After the problem of the weird underground chamber filling up with water from yesterday, today the pump was retrieved and along with all its hoses was loaded onto the boat this morning, aided by a set of portable wheels and the downhill slope of the Tingwall slip. Successfully hauled it down to site, read the instructions, filled it with oil & petrol, primed it and prepared to spend a long time swearing at it (having had many unpleasant experiences in wet archaeological holes in the Cambridgeshire fens in winter with a recalcitrant industrial pump). Took a picture before chucking the pump hose in, as the water had settled out a lot and you could see some of the stonework better:


The light at the bottom is the sky reflecting in the water, and you can see some of the 'inverted corbelling' leading down into the depths, with about 60cm or so of water below that. All very tantalising, and our pump started up fine - albeit after a small hiccup caused by not reading the instructions quite as well as I thought and missing the throttle lever (ahem!) - and it got going and pumping out a treat - water gushing out at speed - yippee!!


Thought the hole would soon be empty, and we'd be able to see all the stonework that was excavated by touch yesterday - but no: although the pump was hammering away the water level wasn't dropping more than a few centimetres and you could see water pouring in to make up the difference - it really was like a river was running in there - I mean we knew it was a spring because of the depth of water but a river? Ridiculous or what? Then Julie pointed out that we probably weren't doing the site much good by having all that water running underneath it, and since the new Swandro River didn't seem to be running out we had to admit defeat.

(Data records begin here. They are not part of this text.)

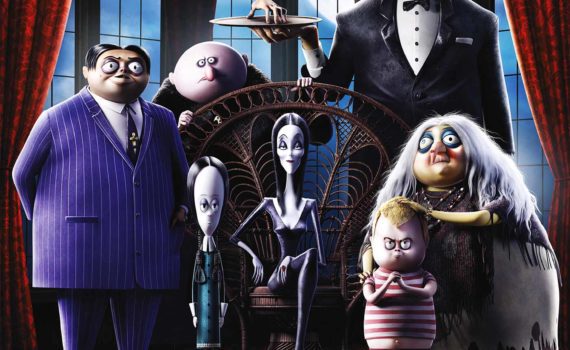 La familia Addams Cartel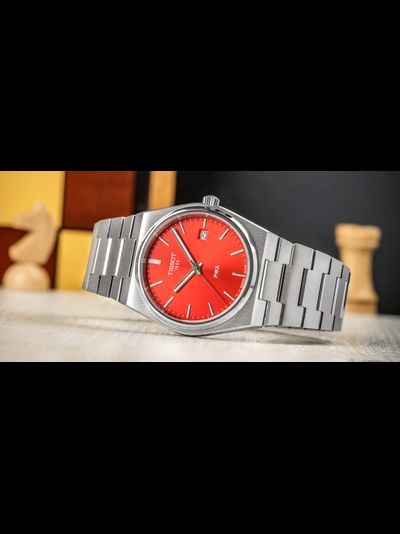 Швейцарские часы Tissot PRX T137.410.11.421.00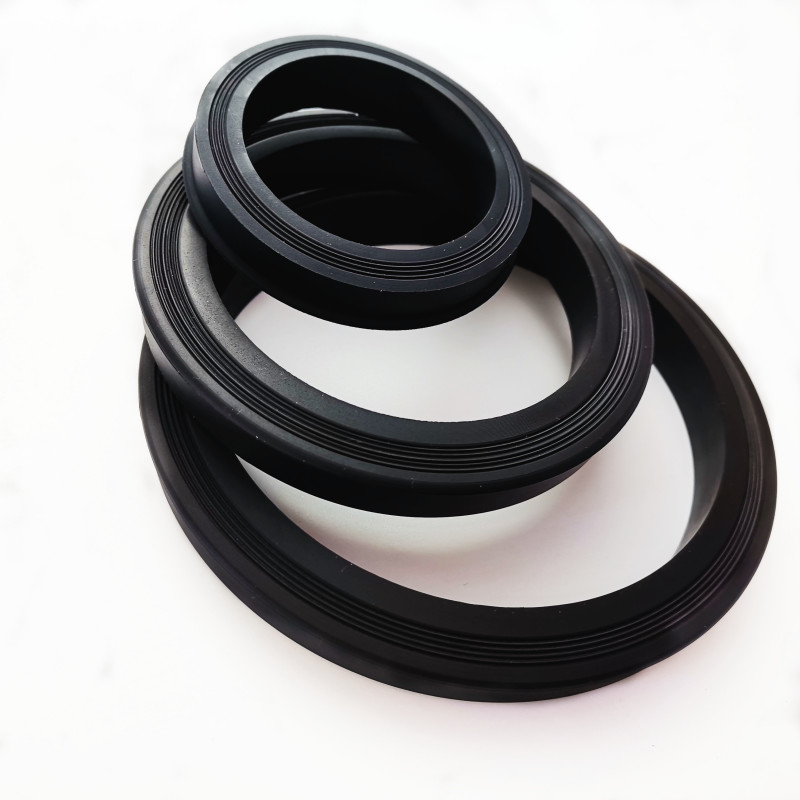 Waterproof Flexibility 607 Guiberson Style Lip Type Seal 2 Inch Union Seal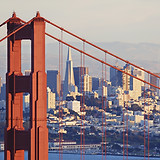 San Francisco Skyline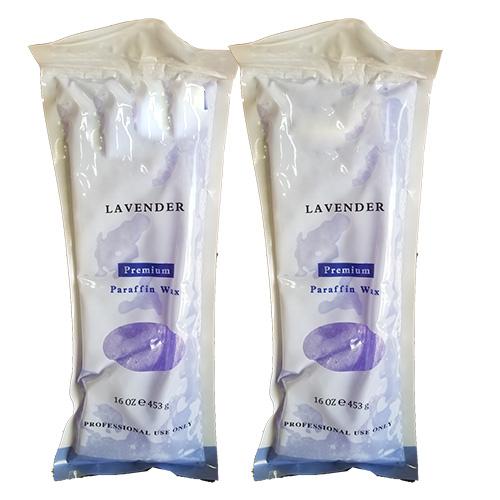 TNM - Beauty Plus Paraffin Wax Lavender, Peach (Case 36lbs)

We also have the question of what is it? There's definitely a big flag at the bottom, but there also seems to be a massive lintel at the side nearest the steps down, directly under one of the side slabs, and there's a small chamber or space under the lintel where the floors a bit deeper. It's got to have been dry when it was constructed or you'd never have been able to build it - and it does remind me of a very small version of Mine Howe in Tankerness what with the whole weirdness of it. The pic below shows the corbelled roof of the cell it's in, reflected in the water when the flash went off, wasn't going to stand waist deep in water to look up and get a proper photo of the roof, sorry!

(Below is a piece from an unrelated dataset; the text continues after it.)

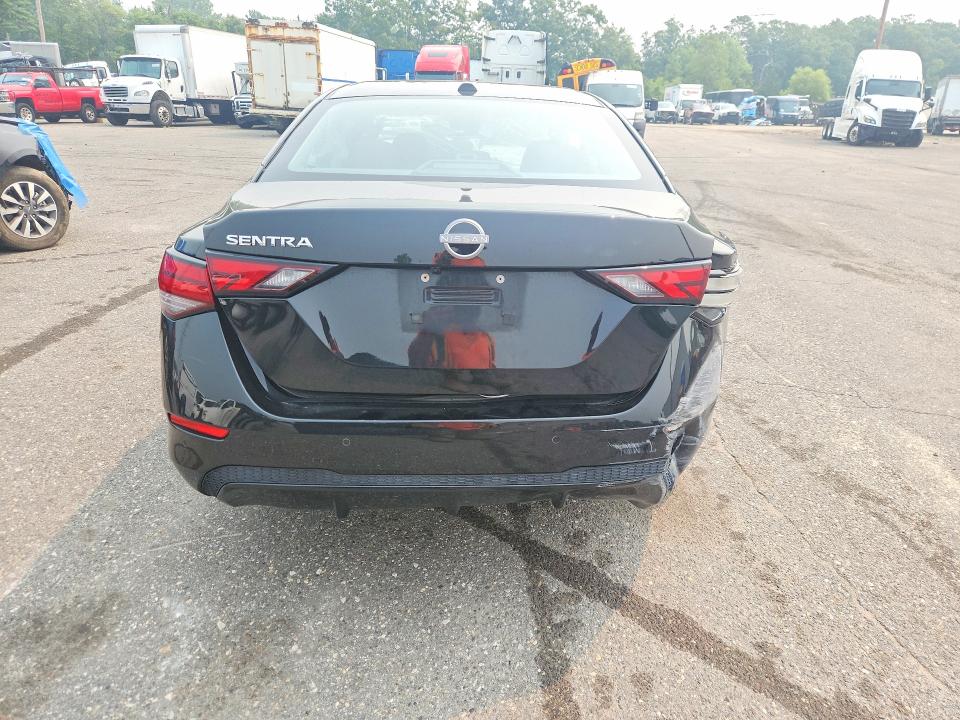 Aukcja sprzedaży 2025 Nissan Sentra, vin: 3N1AB8CV1SY306057, numer aukcji: 61409106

Besides which there might be something lurking in the depths and I might get dragged down into the underworld, or have I just been reading too many bad fantasy novels?

Anyway thanks to having to backfill this and other wet bits tomorrow we spent some of the day filling rubble sacks with small rounded beach pebbles as an alternative to sandbags, that would just get a soggy and disgusting:


Sames a shame but there you go, the big backfill starts tomorrow, everything is already aching in anticipation!